Dalam bisnis yang dibangun di atas fakta, tambah sang reporter, Taiwan -- dengan populasi sebanding dengan Australia dan luas wilayah lebih besar dari Belgia -- seringkali hanya disebut sebagai “sebuah pulau” demi menghindari kemarahan Beijing.
“Normalisasi absurditas” seperti itu berdampak pada Horton, yang selama bertahun-tahun mengubah sudut pandangnya pada Taiwan dari yang semula sebagai pilihan cadangan menjadi seorang advokat yang vokal untuk kedaulatan Taiwan.
Sebuah negara dalam bayang-bayang
Horton mulai menulis "Ghost Nation" empat tahun lalu, memanfaatkan wawancara dengan politisi dan cendekiawan terkemuka di Taiwan dan luar negeri, termasuk mantan Presiden Lee Teng-hui (李登輝) dan Tsai Ing-wen (蔡英文).
Ia mengaitkan judul bukunya dengan nasib internasional Taiwan, menyamakan pulau itu dengan arwah gentayangan selama Bulan Hantu -- sebuah festival di masyarakat berbahasa Tionghoa ketika arwah orang mati diyakini berkeliaran di antara yang hidup, namun tetap dijauhi.
"Ghost Nation" juga terinspirasi dari istilah guidao (鬼島), secara harfiah berarti "pulau hantu", yang digunakan secara merendahkan oleh seorang mantan pejabat KMT pada 2009 untuk menggambarkan Taiwan, namun kemudian diadopsi secara luas oleh masyarakat sebagai istilah penuh kasih sayang.
Horton mengatakan Taiwan sepantasnya mendapat pengakuan sebagai negara berdaulat yang independen dengan kursi sendiri di Perserikatan Bangsa-Bangsa.
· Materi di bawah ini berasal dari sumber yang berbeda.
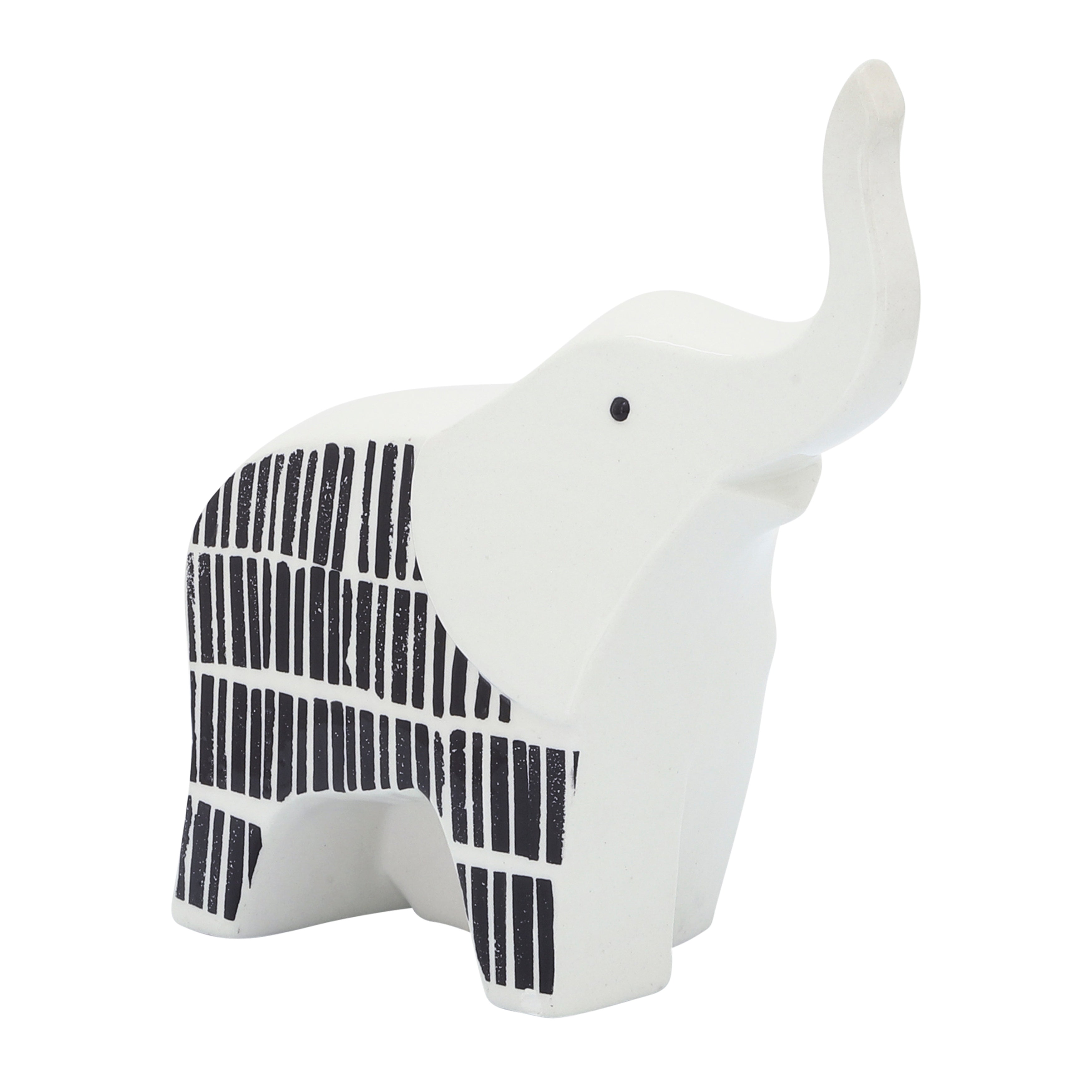 Elephantine Extravaganza: 7" Ceramic Sculpture, Trunk Up, Black/White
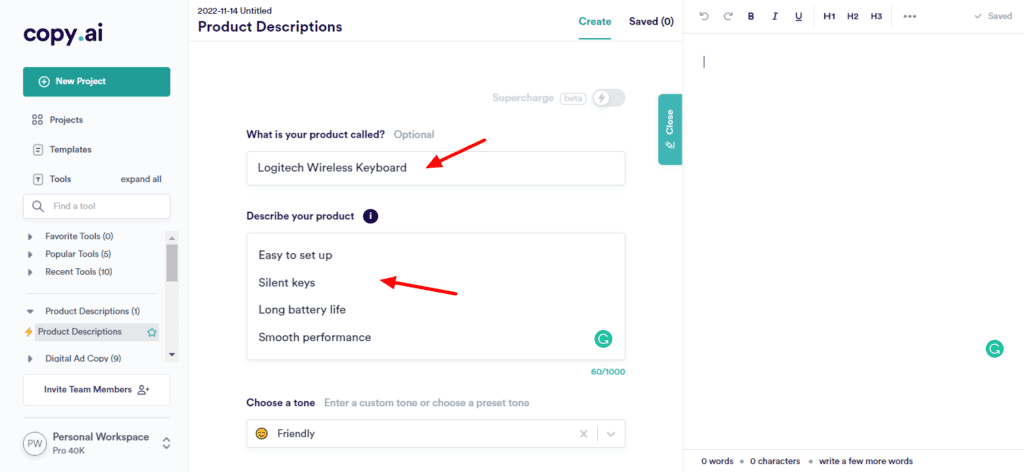 CopyAI Product Description Input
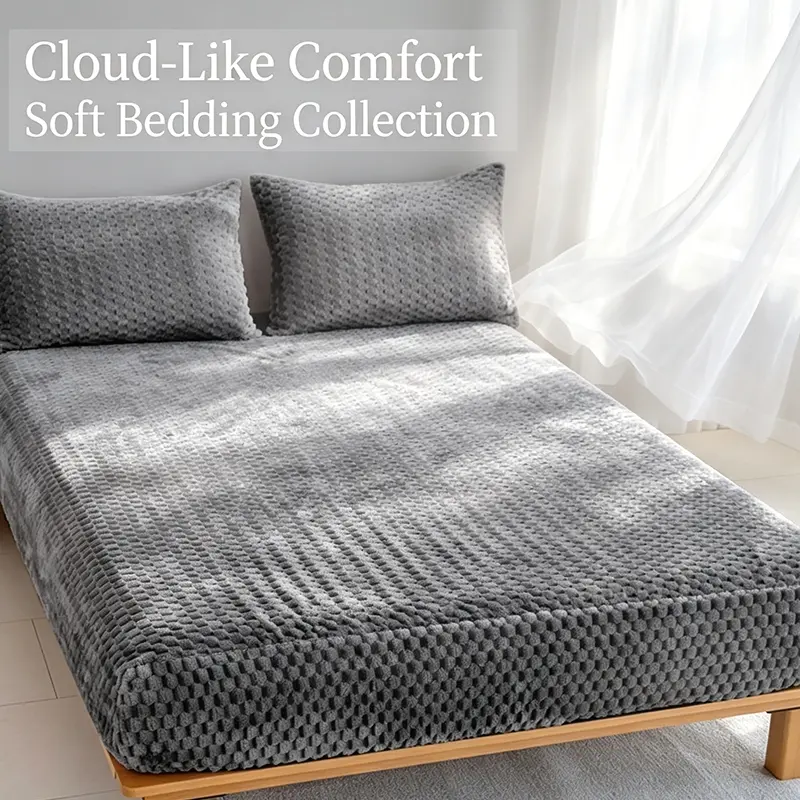 Aesthetic Grid Embossed Plush Fitted Sheet & Pillowcase Set, Soft Warm Textured Bedding Kit, 360° Wrap Elastic No Shift Mattress Cover, Air Permeable Smooth Bed Linen For Autumn Winter Room Styling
Taiwan, secara resmi bernama Republik Tiongkok, kehilangan kursi PBB-nya pada tahun 1971 -- sebuah momen besar yang memicu gelombang pemutusan hubungan diplomatik, termasuk dengan Jepang pada 1972 dan Amerika Serikat pada 1979.
Negara ini kini hanya memiliki 12 sekutu diplomatik, setelah Tiongkok menarik 10 mitranya selama sembilan tahun terakhir di bawah pemerintahan Partai Progresif Demokratik -- yang ditentang Beijing dan dicap sebagai kekuatan “Pro-kemerdekaan”.
“Taiwan seharusnya bukan titik api; seharusnya hanya menjadi anggota lain dari komunitas global,” kata Horton. “Dunia demokrasi harus mendukung Taiwan.”